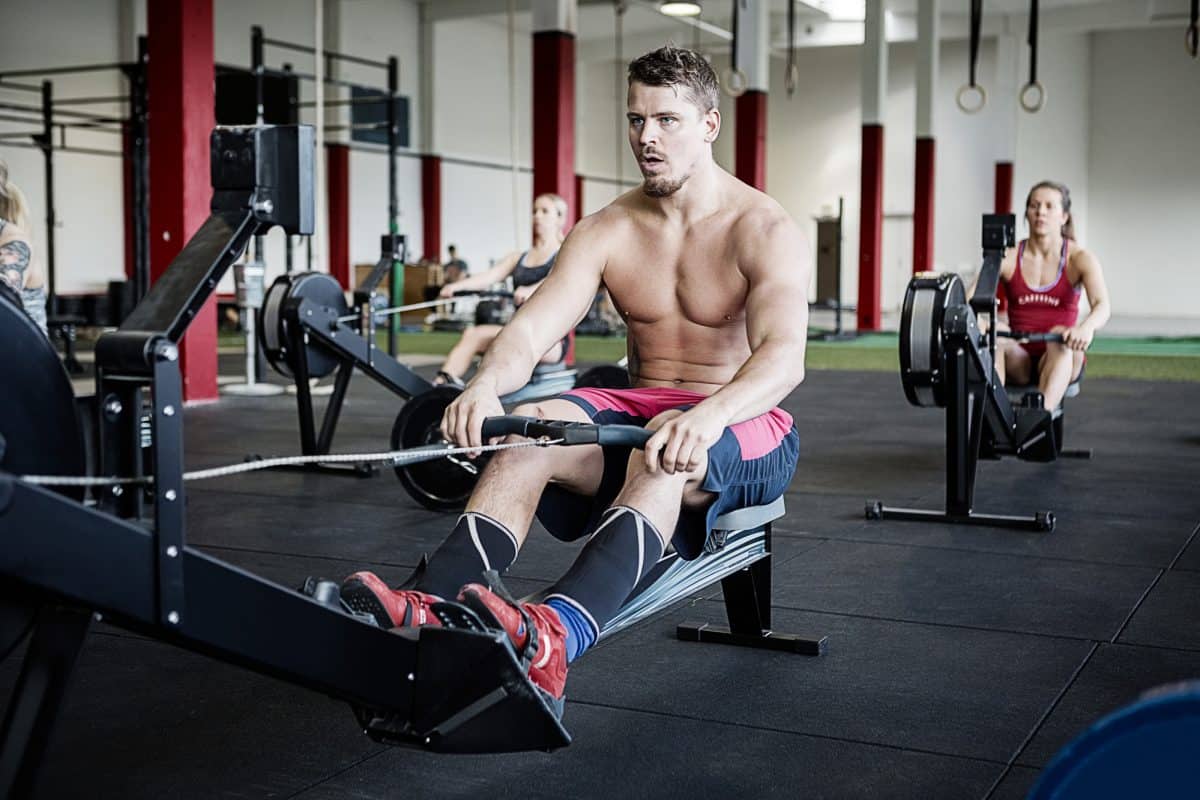 Full length of young shirtless man using rowing machine in gymnasium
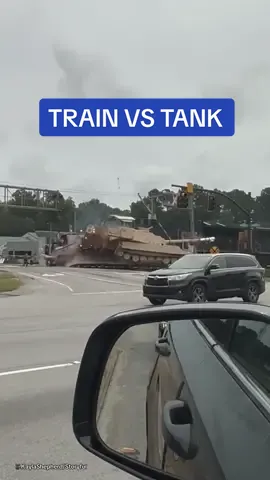 A train slammed into a semi-truck that was transporting a tank after it got stuck trying to manoeuvre around a crossing in South Carolina.  Local news reported that there were no injuries.  🎥KaylaShepherd/Storyful  #tank #train #traffic #cars #smash #military #cargo #railway #southcarolina #usa 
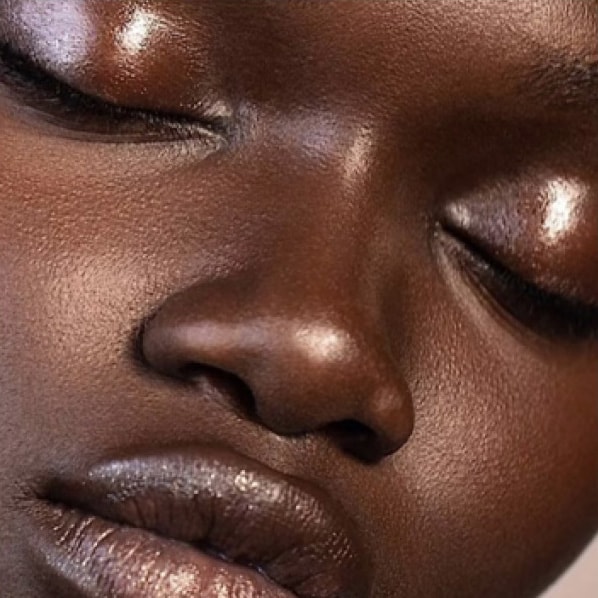 Close up of model face, showcasing a flawless foundation application and a natural glow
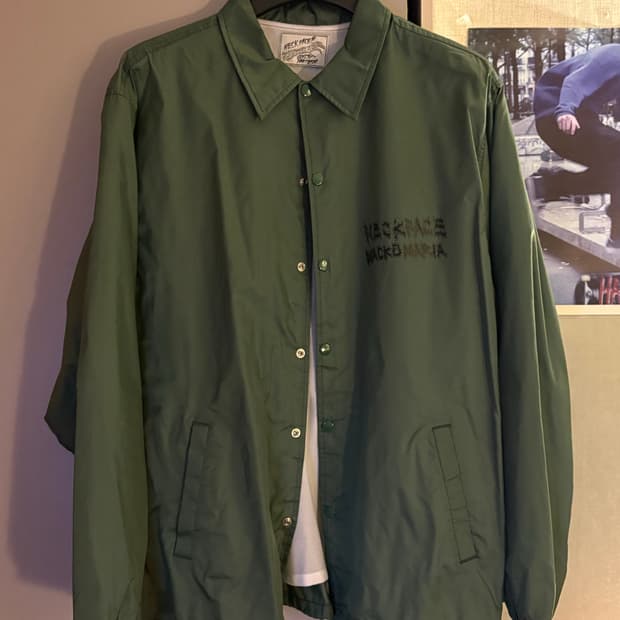 와코마리아 넥페이스 코치자켓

#####

- _Task to complete_:
Please copy exactly the lines from the one that contains "A train slammed" through the last line of the listing above, leaving out the pictures.

- _Answer to this problem_:
 A train slammed into a semi-truck that was transporting a tank after it got stuck trying to manoeuvre around a crossing in South Carolina.  Local news reported that there were no injuries.  🎥KaylaShepherd/Storyful  #tank #train #traffic #cars #smash #military #cargo #railway #southcarolina #usa 
 Close up of model face, showcasing a flawless foundation application and a natural glow
 와코마리아 넥페이스 코치자켓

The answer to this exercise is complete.